Italy’s short-term borrowing costs have fallen to their lowest in 17 months.
The amount of interest Rome had to pay to sell 12.25 billion euros of six-month treasury bills at an auction on Monday was 1.2 percent.
Cheap loans from the European Central Bank have made investors keener to lend to eurozone governments over the short-term.
The ECB’s low interest funds for banks, which started in December, are part of Europe’s efforts to end the debt crisis.
“It is a very good result,” said Matteo Regesta, a strategist at BNP Paribas in London.
But Regesta pointed out Italian bonds face a more challenging funding test on Tuesday: “The dynamics for the 10-year sale are different … (and) results could be less spectacular at the longer end of the curve, but the test could not come at a better time.”

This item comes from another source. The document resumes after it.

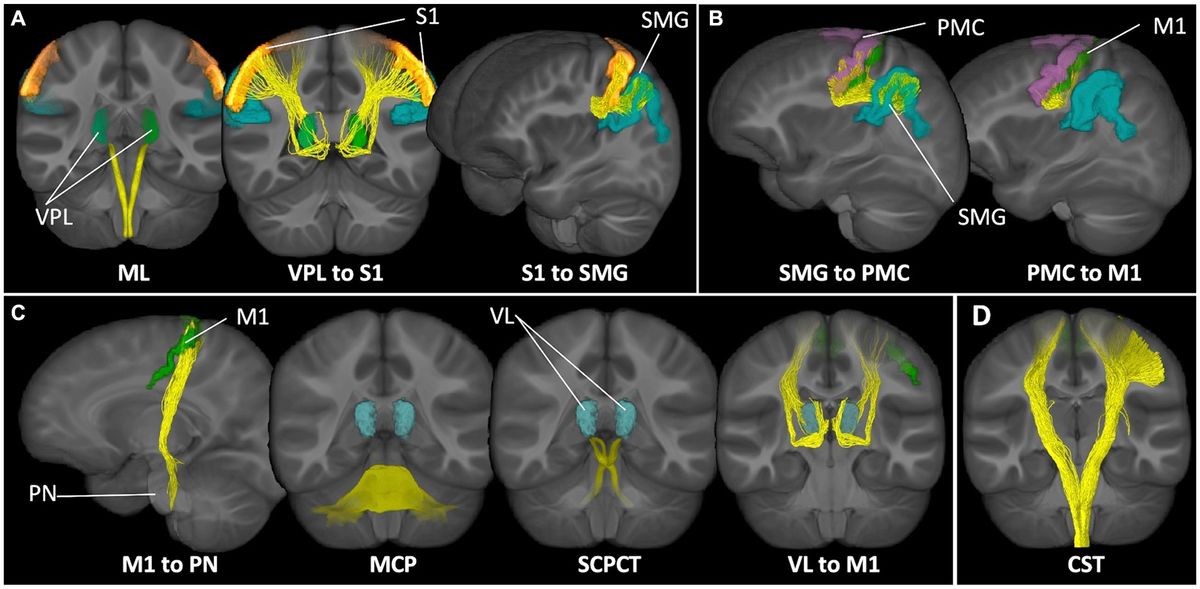 Microstructural neural correlates of maximal grip strength in autistic children: the role of the cortico-cerebellar network and attention-deficit/hyperactivity disorder features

Italian six-month borrowing costs hit a euro lifetime record high of 6.5 percent in late November – the peak of the eurozone debt crisis – only to halve at an auction held a month later just after the first ECB tender.
Italian six-month borrowing costs remain higher than a 0.78 percent yield Spain paid earlier this month on the same maturity. That reflects Rome’s much higher funding needs – 1.9 trillion euros – compared with Madrid’s.
By comparison, on Monday top-rated euro zone borrower Germany paid returns of only 0.08 percent to sell bills maturing in February 2013.